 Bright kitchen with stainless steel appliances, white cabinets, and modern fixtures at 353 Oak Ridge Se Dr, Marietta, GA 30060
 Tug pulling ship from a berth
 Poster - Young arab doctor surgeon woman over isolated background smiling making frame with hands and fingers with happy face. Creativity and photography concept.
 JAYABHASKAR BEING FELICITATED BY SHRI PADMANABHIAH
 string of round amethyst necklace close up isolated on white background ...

* * *

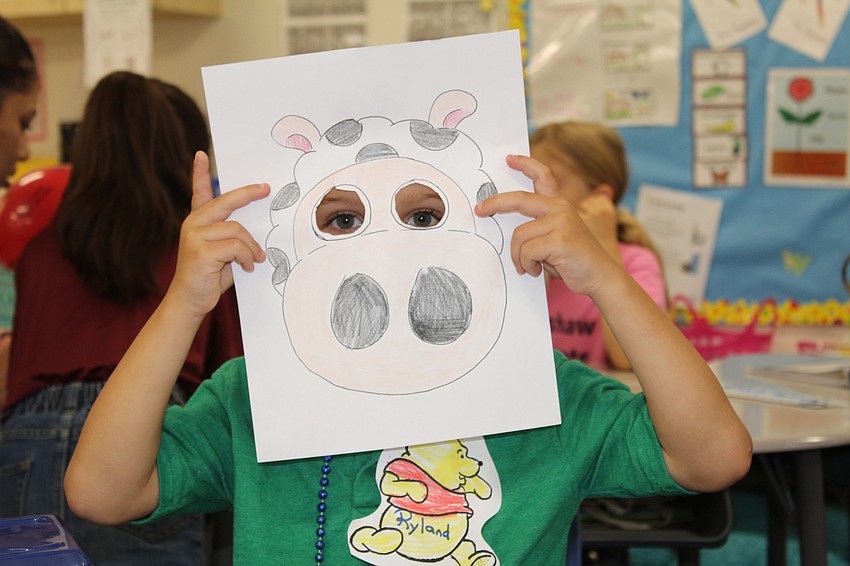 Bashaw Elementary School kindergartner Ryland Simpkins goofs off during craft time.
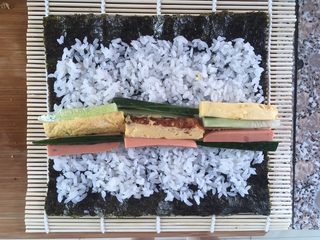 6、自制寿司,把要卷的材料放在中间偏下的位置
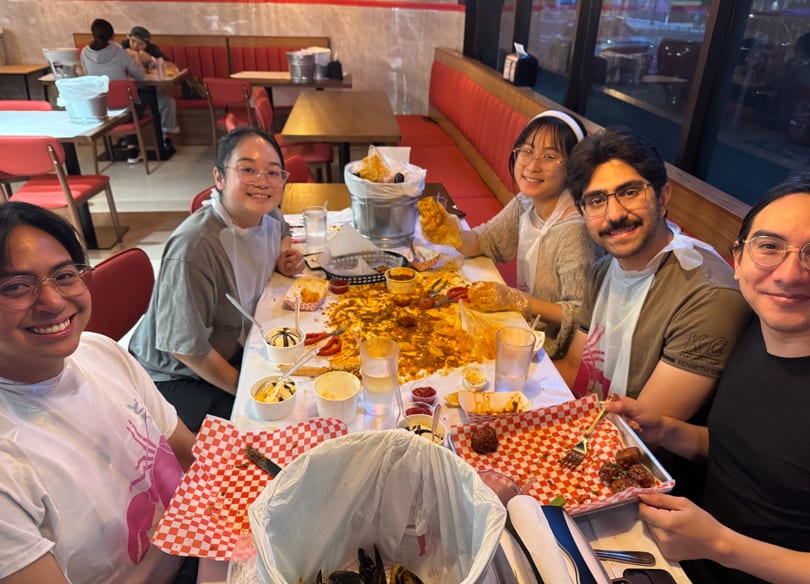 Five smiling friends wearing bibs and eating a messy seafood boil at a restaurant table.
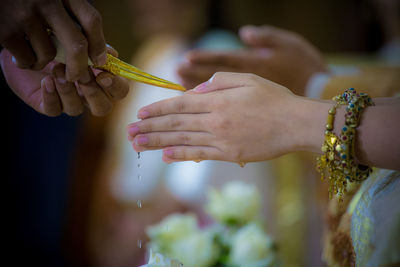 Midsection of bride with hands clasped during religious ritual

--

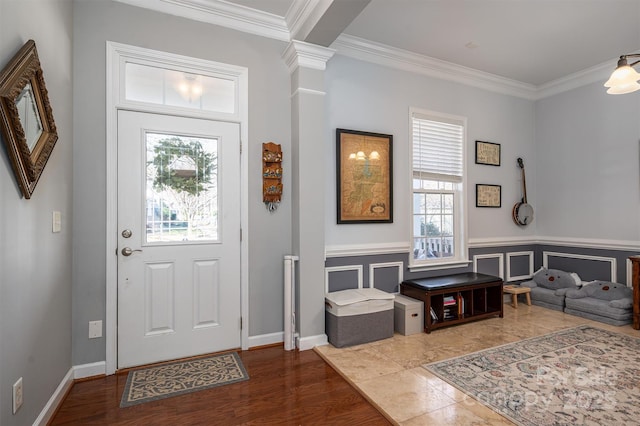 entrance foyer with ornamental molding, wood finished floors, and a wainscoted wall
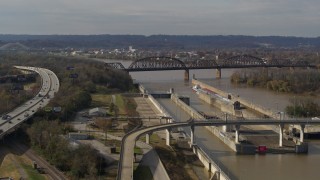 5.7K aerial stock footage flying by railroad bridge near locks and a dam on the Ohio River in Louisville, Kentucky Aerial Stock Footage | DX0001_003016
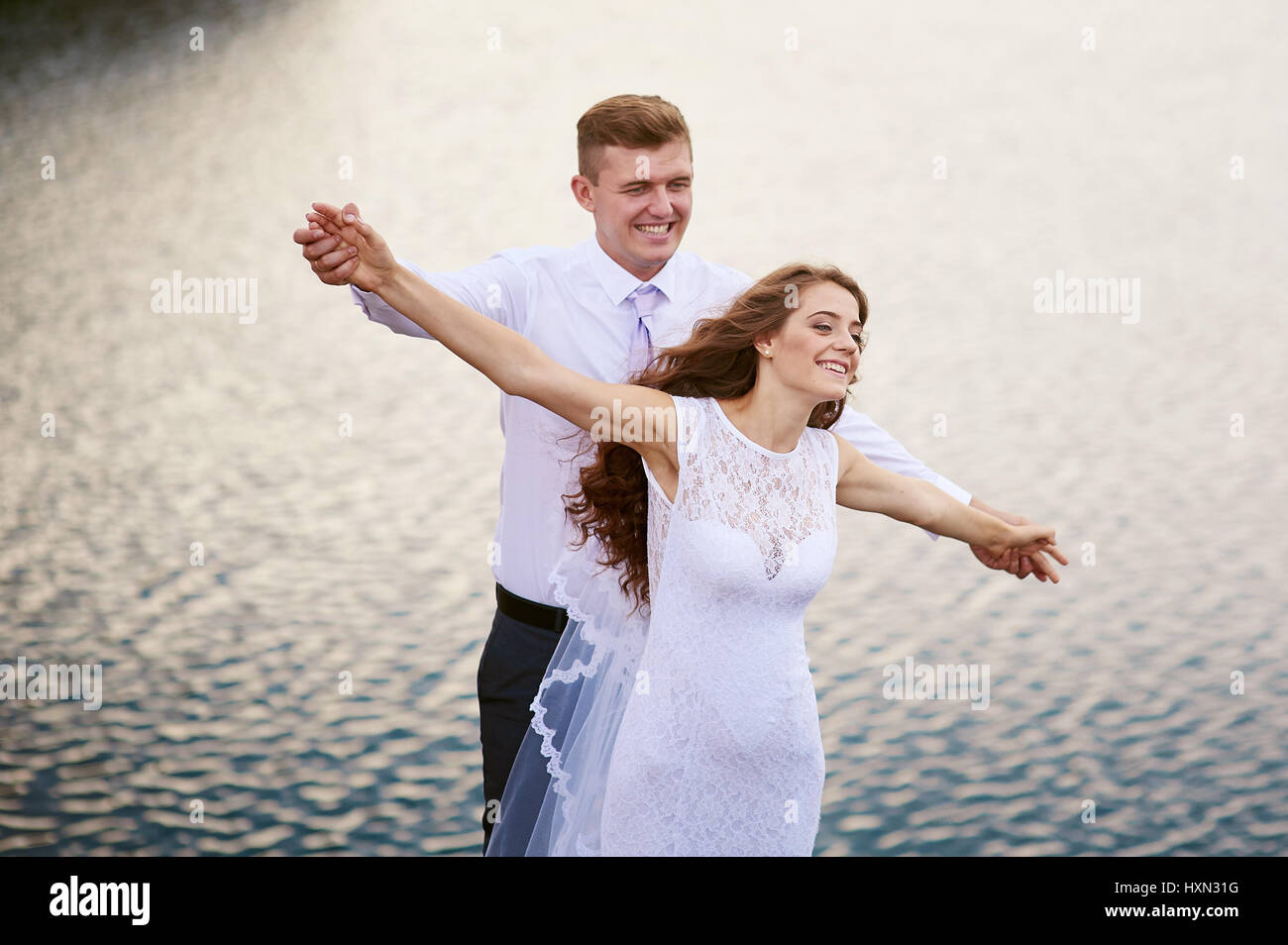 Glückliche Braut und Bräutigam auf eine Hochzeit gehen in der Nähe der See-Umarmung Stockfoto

→ **EXERCISE**: Above are the records; restate exactly the lines from the one containing "entrance foyer with" through the one containing "5.7K aerial stock", keeping pictures out.

→ **ANSWER TO THE EXERCISE**:
 entrance foyer with ornamental molding, wood finished floors, and a wainscoted wall
 5.7K aerial stock footage flying by railroad bridge near locks and a dam on the Ohio River in Louisville, Kentucky Aerial Stock Footage | DX0001_003016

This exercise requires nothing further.